Con todo, en la década de 1890 no desapareció la tensión social. En esos años EE.UU. sufrió la peor crisis económica de su historia hasta entonces y en 1894 se organizó una huelga nacional del ferrocarril de la que emergió la figura de Eugene Debs, llamado a liderar lo que sería el Partido Socialista Americano, fundado en 1901. Este partido, que buscaba entroncar con la tradición política emanada de la revolución de 1775, logró superar los 900.000 votos en 1912, el 6% del total, en las elecciones persdienciales. Pero ese fue su techo, porque la mayoría de los ciudadanos seguían acudiendo a los partidos tradicionales en busca de la respuesta a sus demandas. Además, llegaron la I Guerra Mundial y la Revolución bolchevique de 1917, lo que trastocó el panorama y desató el miedo a la «amenaza roja», lo que acabó por condenar al Partido Socialista Americano.
En 1919 se formó el Partido Comunista, aunque solo a partir de la depresión de los años 30 conoció cierto relieve.
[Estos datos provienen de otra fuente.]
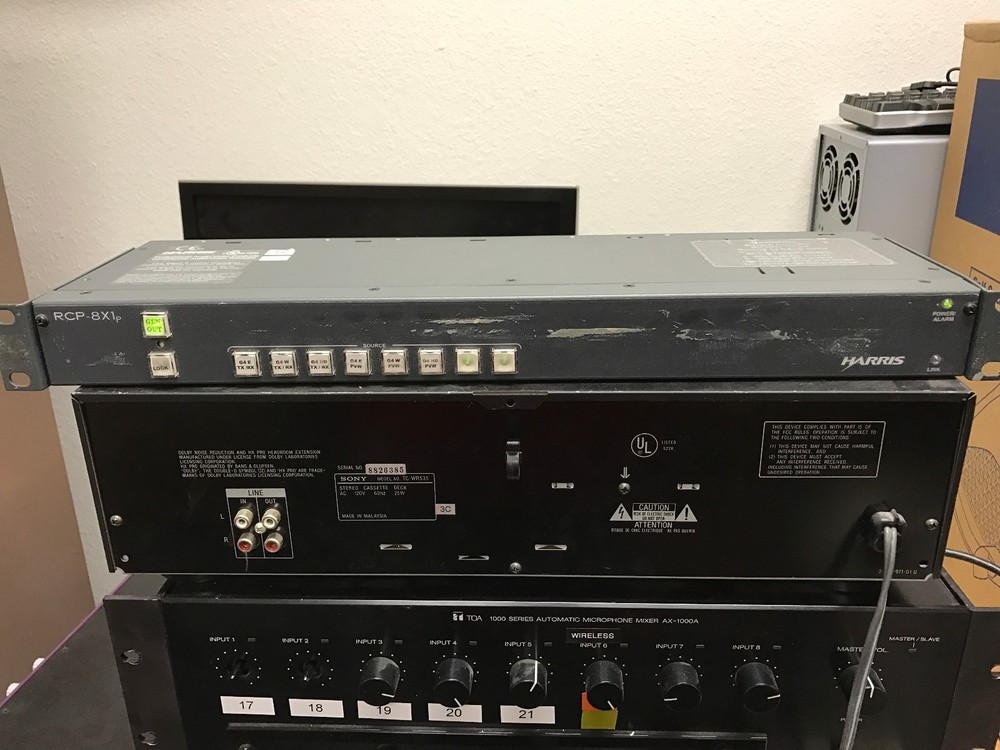 LEITCH HARRIS RCP-8x1p CONTROL PANEL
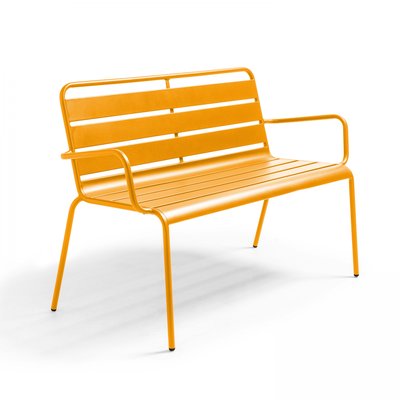 Banc de jardin en acier thermolaqué, PALAVAS OVIALA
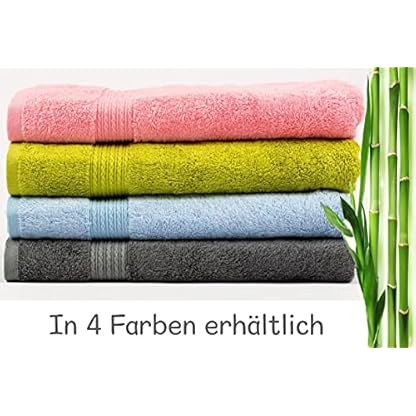 sixgoldendrops Bambus Handtuch 2 Stück Set 70 x 140 cm - flauschig weich saugstark fusselfrei Premium Qualität… – Bild 7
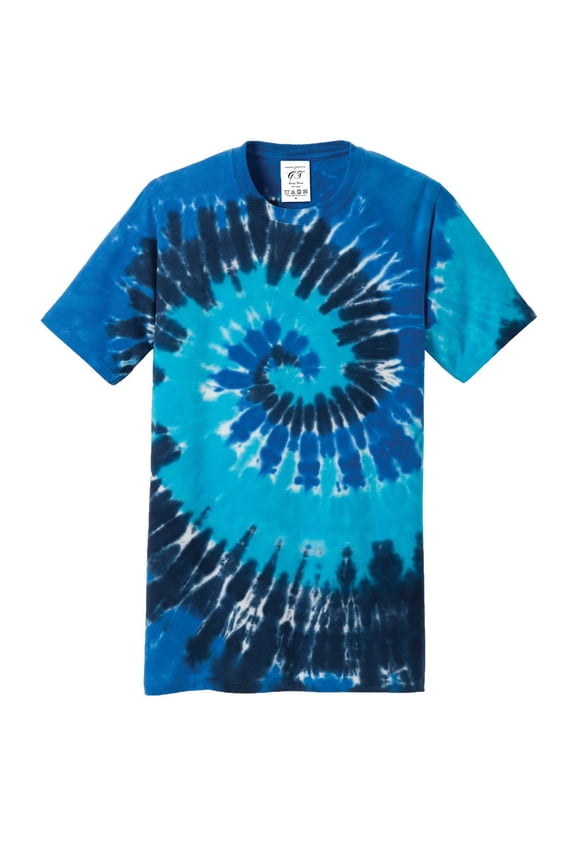 Mens Tie-Dye Short-Sleeve T-Shirt - Ocean Rainbow - Small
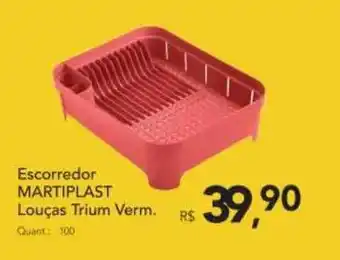 Escorredor Martiplast Louças Trium Verm.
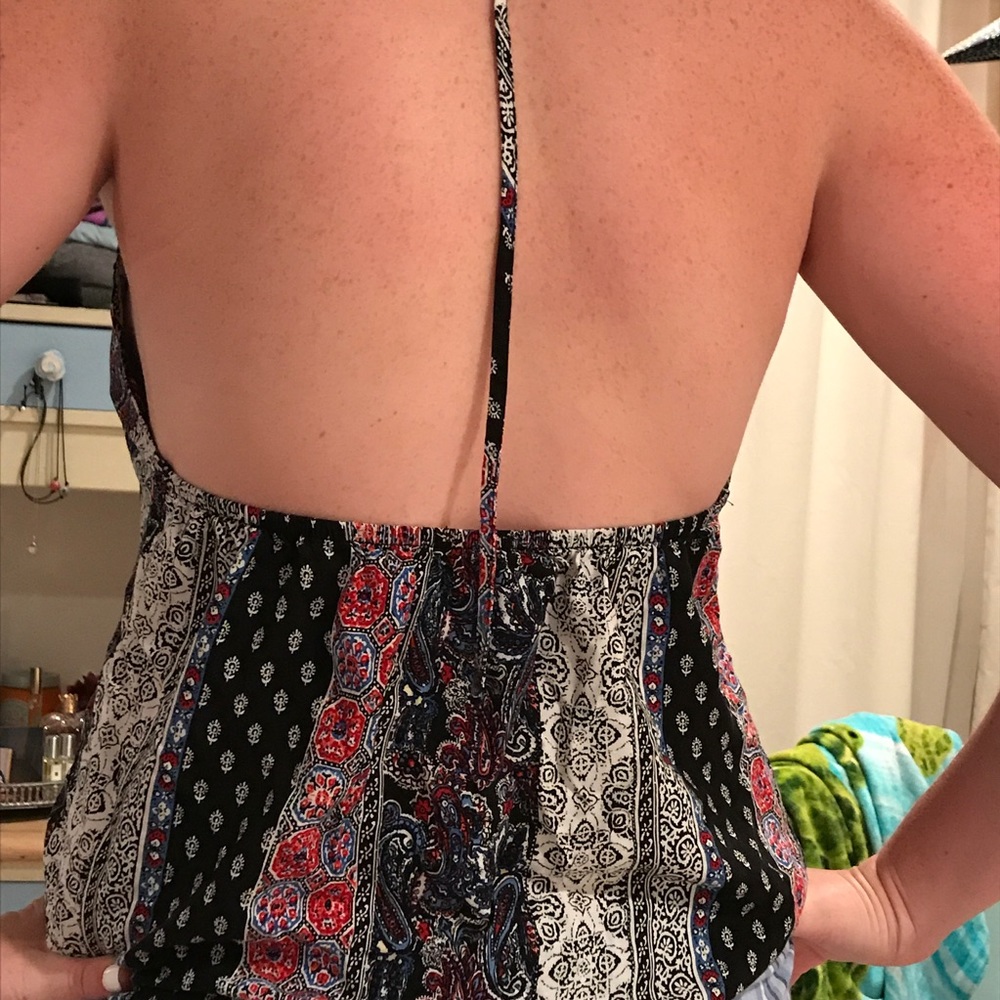 Halter Pattern Tank Top - image 2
En todo caso, el conservadurismo de la AFL y, más aún, las guerras mundiales reforzaron el sentimiento patriótico y capitalista, de modo que ni socialistas ni comunistas lograron cuajar como en Europa.
En el fracaso de los socialistas influye, según Aurora Bosch, «por un lado la hegemonía ideológica del liberalismo con la que es difícil luchar» en el país, y por otro la tendencia, «desde la aparición del movimiento obrero más másivo», de «identificar socialismo como extranjerismo y por tanto considerarlo antiamericano». En su opinión, «esto es clave, aunque hubiera un socialismo como el de Debs que entroncaba la tradición política radical americana -es decir profundamente democrático mucho más que los europeos- con la lucha de clases».
En relación a esto, Bosch destaca también «la fortaleza de la respuesta empresarial, judicial y estatal y federal contra el primer conato de organización del movimiento obrero ya en el siglo XIX».
La exclusión de la minoría negra
A todo ello añade que «el sector más oprimido y pobre de la población, la minoría negra, quedaba generalmente excluido de esta lucha, por su propia opresión en el sur, por el racismo de los sindicatos en el norte, hasta los años treinta, en que si se incorporaron al sindicalismo del CIO y el para el Partido Comunista fue un objetivo principal de acción». «Pero entonces ya se integraron en la Coalición Roosevelt del Partido Demócrata», anota.
En la actualidad, reflexiona la especialista, «la asociación de socialismo y radicalismo en general con antiamericanismo puede aún ser utilizada como sabe subliminal o burdamente por la campaña del Partido Republicano y seguro que seguirá siendo eficiente, en parte también por cómo los estadounidenses se ven a sí mismos», señala en referencia a «la importancia de la no intromisión del estado federal y la convicción de que nadie defenderá sus intereses mejor que ellos mismos, así como el tema de la responsabilidad individual en un sentido amplio, incluido labrar su propia suerte».
Sin embargo, sí percibe un cambio en la percepción del termino socialista en la sociedad estadounidense, ya que «estamos en un nuevo escenario político tras la recesión». «Lo hemos visto con el Partido Republicano y Trump -explica-. Lo vimos en la campaña de 2016 con Sanders y lo estamos viendo en esta campaña. En efecto, parece que para muchos votantes demócratas, tras la desigualdad con que se ha resuelto la gran recesión, medidas características de un socialismo democrático -más moderadas incluso que las europeas- no les parecen desde luego antiamericanas».